Live mascot to represent UH after 20 year absence
New traditions will be blended with old on Saturday when the UH Alumni Association unveils a live cougar mascot for the University after more than two decades without one.
Though Shasta VI’s predecessors have lived on campus, this incarnation will remain in his exhibit at the Houston Zoo, said President of the UH Alumni Association Mike Pede.
“There are all kinds of reasons why a live cougar should not be out of where he’s being handled by professionals,” Pede said. “He will be there 24-7 with the 4-year-old cougar that already lives there named Haley.”
The Alumni Association has been in communication with the zoo since Jan. 2011, but they have been working on getting a new cougar for longer.
“Once we got here, we thought that was a very important tradition to try recreate or renew, so we’ve been working to do that since I got here two years ago,” Pede said.
One of the new traditions will be to leave class rings in the cougar exhibit overnight.
“We will take the class rings and put them in the exhibit in a specially made box that Shasta will be able to hop up on top of and bless those, basically,” Pede said.
The Alumni Association will also set up webcams in the exhibit so that Shasta can make digital appearances at UH events.
“I think in a perfect world, everyone would like to have their live mascot on their campus in a wonderfully laid out exhibit,” Pede said. “But I also understand all the issues that will have us handling it in this way.”
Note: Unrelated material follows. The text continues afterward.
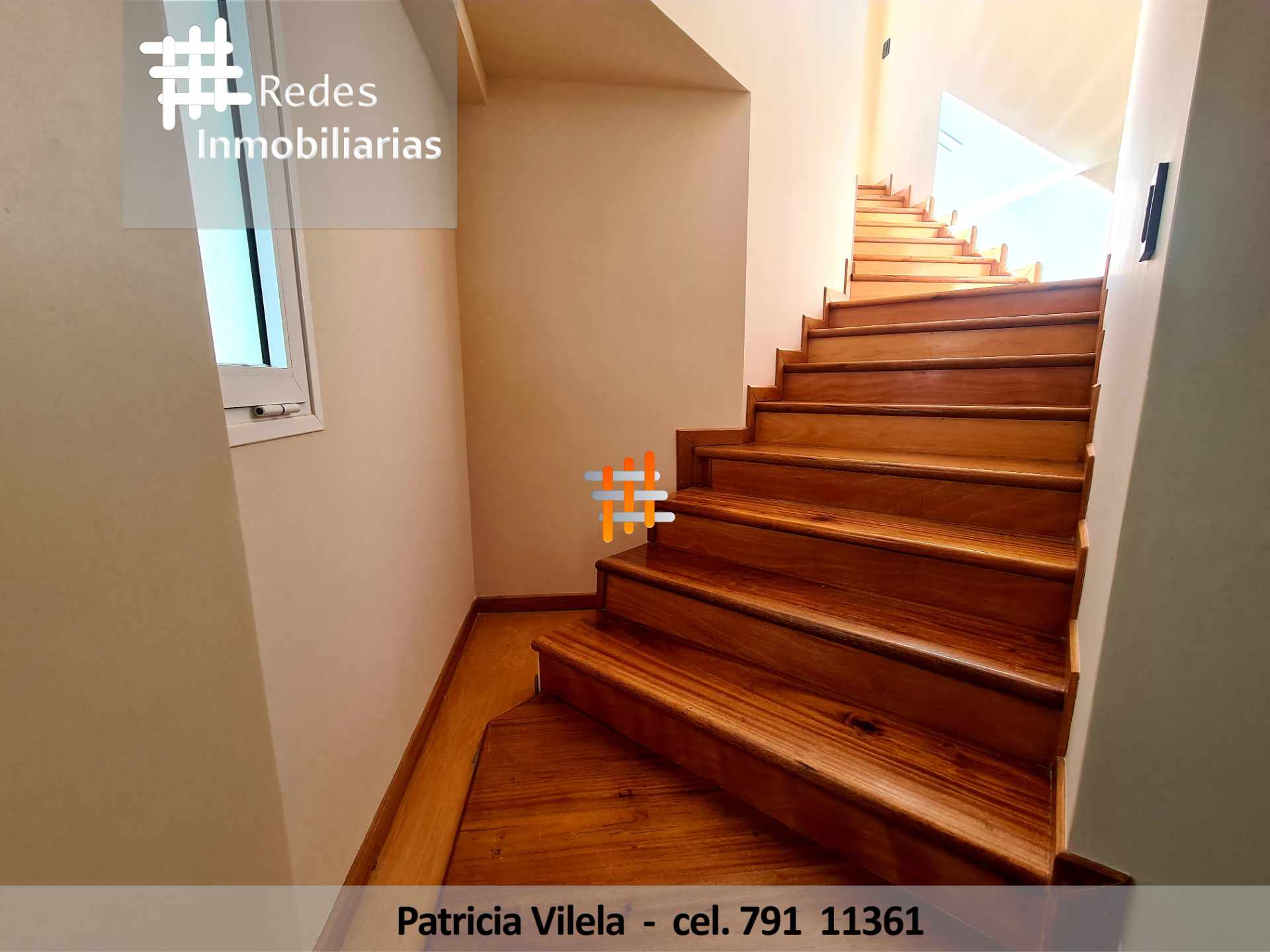 En Alquiler a $us 1,100 Foto 16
Shasta VI was born in September in Washington, and he now weighs about 45 pounds, said Houston Zoo Spokesperson Brian Hill.
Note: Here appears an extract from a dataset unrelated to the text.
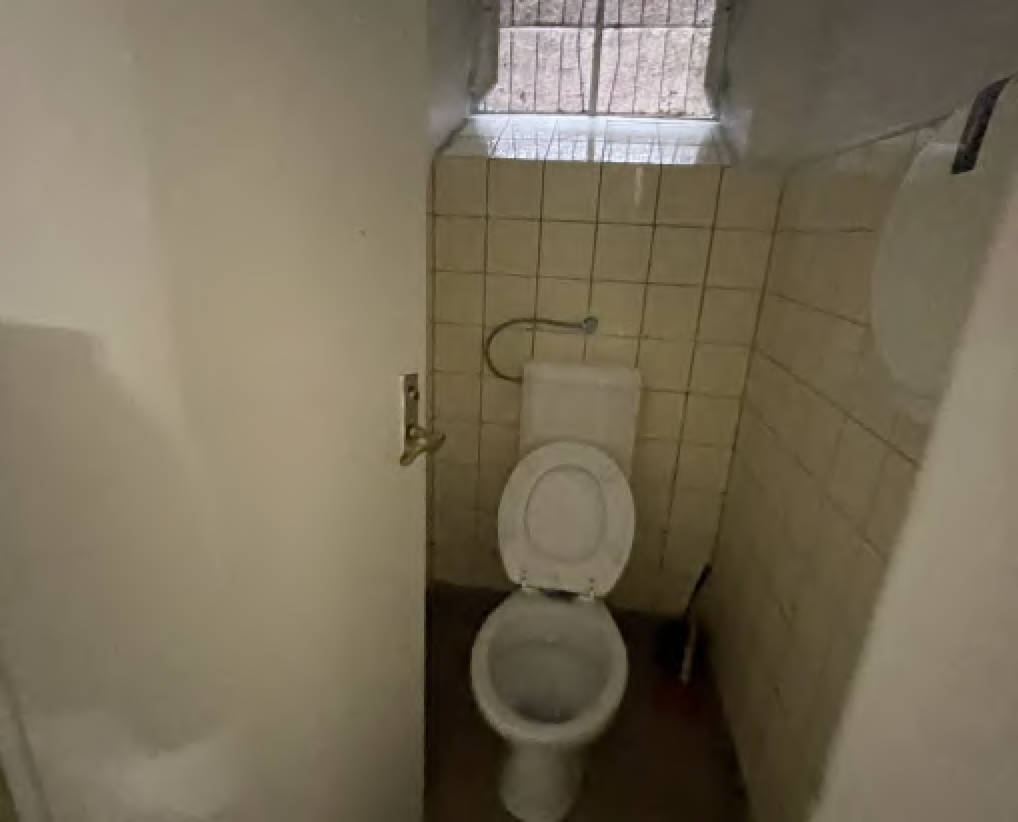 bayern K 0038/2025 Münchner Straße 1, 86415 Mering 24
“The weight for an adult male cougar is about 145 pounds, so he has a little bit of growing to do,” Hill said.
Shasta’s mother was killed by a hunter, and state wildlife officials were brought in to rescue Shasta and his littermates.
“Two of the cubs were found in short order,” Hill said. “But Shasta proved a little bit elusive.”
The cub was eventually found when state wildlife officials mimicked the chirping sound mother cougars use to communicate with their cubs, Hill said, and all three cubs were then taken to Oregon Zoo.
“Shasta had a pretty rough go as a young cougar, but he’s in a great place now,” Hill said.
Pede, who graduated from UH in 1989 and wore the Shasta suit as the mascot at UH football games, said that having a live cougar mascot provided a boost to school spirit.
“Whoever you’re walking through the zoo with,” he said, “you can beat your chest in pride for a couple minutes and say, ‘That’s my guy right there. He’s one of us and I’m one of them.’”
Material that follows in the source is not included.